Neither Steinberg nor the Fertility Institute are defendants in the federal lawsuit.

A few weeks into the pregnancy, Cook says, C.M. told the Fertility Institute he couldn't afford her weekly appointments at its clinic, but its doctors said the checkups are necessary because "the pregnancy is such a high risk."

The same day, Cook says, C.M. emailed Walmsley that he couldn't afford her weekly checkups and was considering forcing Cook to have an abortion.

"It then became apparent that C.M. depleted his life savings paying the infertility doctors, paying the surrogacy broker, paying the anonymous ova donor, paying the lawyers and putting money into trust for the surrogate," the complaint states.

Cook also claims that Surrogacy International had not bothered to do a "home study" of C.M. to determine if he's capable of raising three children - which is not required by the California surrogacy law.

Then C.M. emailed her and told her he wanted her to abort one of the babies, Cook says.

"C.M. advised her that he was exercising a term under the surrogacy contract for what the contract referred to as a 'Selective Reduction,'" the complaint states.

Cook responded the next day: "I am pro-life and I am not having an abortion. They are all doing just fine," according to the lawsuit.

Cook says she told C.M. she would love to adopt the third child, but he insisted that she abort it and that it was his decision.

The surrogacy contract gives all the power to C.M., Cook says, including the right to demand an abortion and sue her for damages if she does not comply.

She says her situation illustrates why surrogate pregnancies are an ethical, legal and medical minefield: that the surrogacy contract dictates how much caffeine she can ingest, requires her to avoid second-hand smoke, forbids her from using hair dye and nail polish, and from being around cat litter.

"The contract reduces Melissa Cook to the equivalent of an object or breeding animal to be manipulated by C.M. and completely subrogated to his demands," the complaint states.

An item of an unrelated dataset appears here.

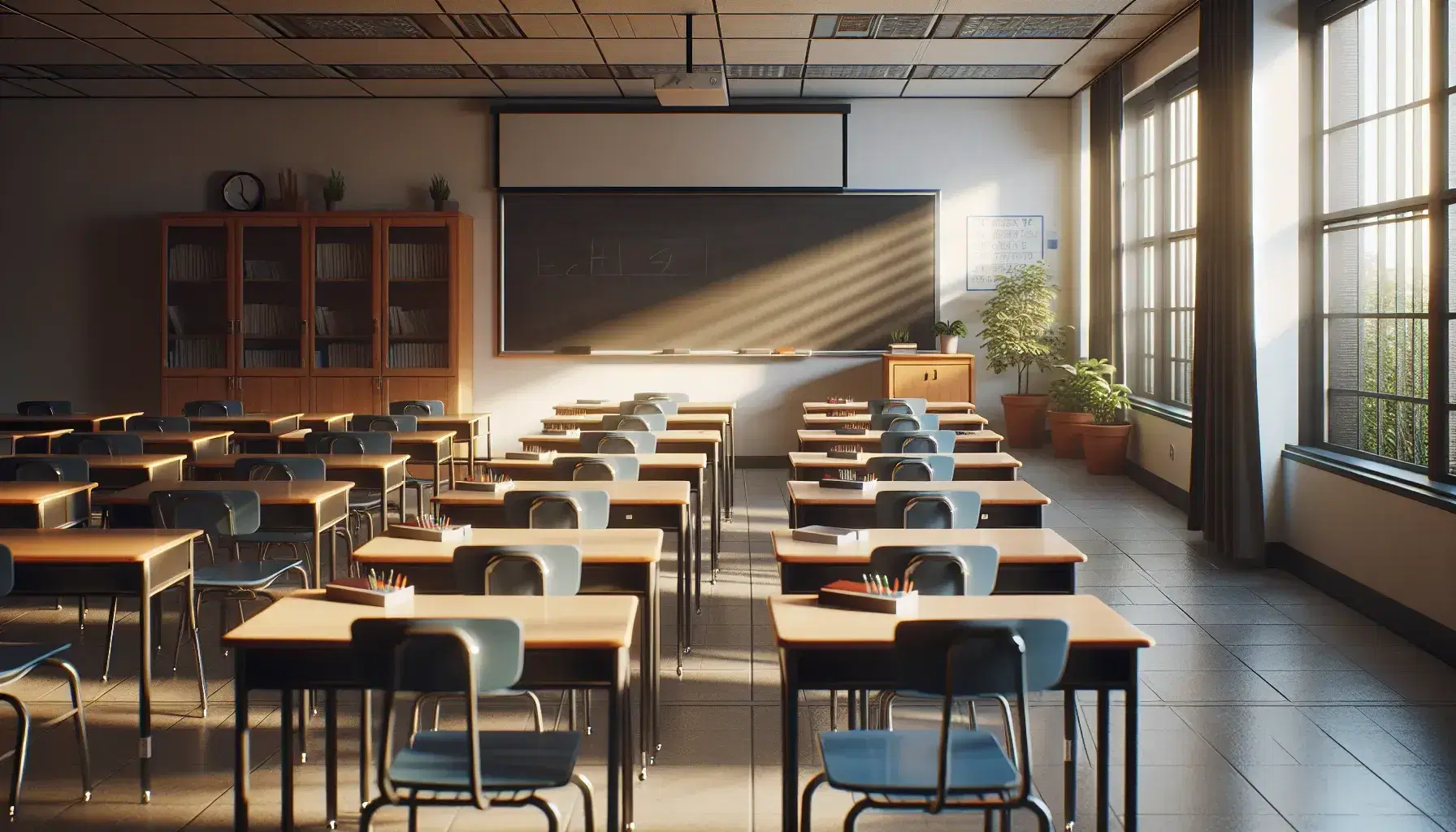 Aula scolastica vuota con banchi in legno chiaro e sedie impilabili blu, lavagna vuota e piante verdi sul davanzale.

Cook claims California's Surrogacy Enabling Statute violates her due process rights under the 14th Amendment. She seeks an injunction to stop Los Angeles County officials from issuing any birth certificates that do not list her as the babies' mother.

She is represented by Michael Caspino with Buchalter Nemer in Los Angeles and Harold Cassidy in Shrewsbury, N.J.

Cassidy said he's confident Cook will prevail in the federal case.

"The Surrogacy Contract in this case and the California Surrogacy Enabling Statute will not withstand constitutional scrutiny," the attorney said Wednesday in a statement .

"The notion that a man can demand that a mother terminate the life of one of the children she carries by an abortion, and then claim that she is liable for money damages when she refuses, is cruel to the mother. The idea that when a mother offers to raise the child that the man wanted her to kill, but the man insists that the child be raised by a stranger instead of the mother who loved him and saved his life, is cruel to the child."

The defendants are Los Angeles County Public Health Director Cynthia Harding, Los Angeles County Clerk Dean Logan and Los Angeles County Department of Public Health Director Dr. Jeffery Gunzenhauser.